Abu Akleh’s death prompted international outrage, including from press freedom advocates and the U.S. government.
So Masafer Yatta by itself may not prompt large-scale violence, but together with all of the other developments in the region, it’s another large stick on the kindling.
What else is there to know about the South Hebron Hills?
Over the two decades of the Masafer Yatta court case, the South Hebron Hills have become ground zero for both activism and friction between Israelis and Palestinians.

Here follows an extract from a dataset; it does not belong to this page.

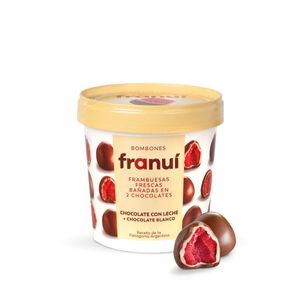 FRANUI CHOCOLATE LECHE POTE 150 G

Although the area is mostly rural and mountainous, which doesn’t make it an easy place to live in, it’s still a regular destination for extremist settlers, who have been known to attack Palestinians. Activists also say the region is attractive to Israeli military and hard-liners because it’s home to relatively few Palestinians across a relatively large stretch of land, so it’s easier for Israel to assert control over the area and pressure the Palestinians there to relocate to denser cities.

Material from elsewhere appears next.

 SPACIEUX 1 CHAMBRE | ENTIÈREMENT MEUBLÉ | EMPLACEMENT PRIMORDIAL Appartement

Despite this (or perhaps because of it), the South Hebron Hills have also played host to large collectives of Jewish anti-occupation activists over the years. Israeli and international groups alike have developed relationships with the Palestinians in the region dating back to the early 2000s, and drop by to aid local farmers in olive harvests, which are frequent targets of settler violence.

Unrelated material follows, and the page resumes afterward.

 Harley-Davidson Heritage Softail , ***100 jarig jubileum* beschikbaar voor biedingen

Several groups formed after the 2014 Israel-Gaza war have roots there, including the All That’s Left collective and the Center for Jewish Nonviolence, which launched a fellowship program called Hineinu last year to send Jews to live in the area for three-month stints, learning Arabic and building activist networks.
“The South Hebron Hills is a region that has had a solidarity presence, particularly Jewish solidarity activism, for a long time,” Oriel Eisner, a staffer for the Center for Jewish Nonviolence, told JTA, noting that groups like Rabbis for Human Rights can also trace their origins to the region.
The Jewish groups behind the Save Masafer Yatta Campaign say they all have varying beliefs on issues like Zionism and the Boycott, Divestment, Sanctions movement, but that they are all united against Israel’s occupation of the West Bank.
Jacobs told JTA that such groups have made a positive impact on Jewish-Palestinian relations, because it’s the first time many residents of the South Hebron Hills encounter Jews who aren’t either settlers or in the military. “There are Palestinians who, the major encounters they have with Jews are [with] people who are carrying out violent acts against them,” she said.
The anti-occupation activists told JTA they intend to keep up their Masafer Yatta campaign in the hopes of dissuading the IDF from following through on its evictions.
“We really have another stage of our campaign now, where our goal is to make it clear to the army that it’s not worth it,” Rosen said. “If they show up with trucks and try to forcibly remove people from their homes, that’s not something that they’re going to be able to do under the cover of darkness, with nobody watching and nobody caring… The world will be watching.”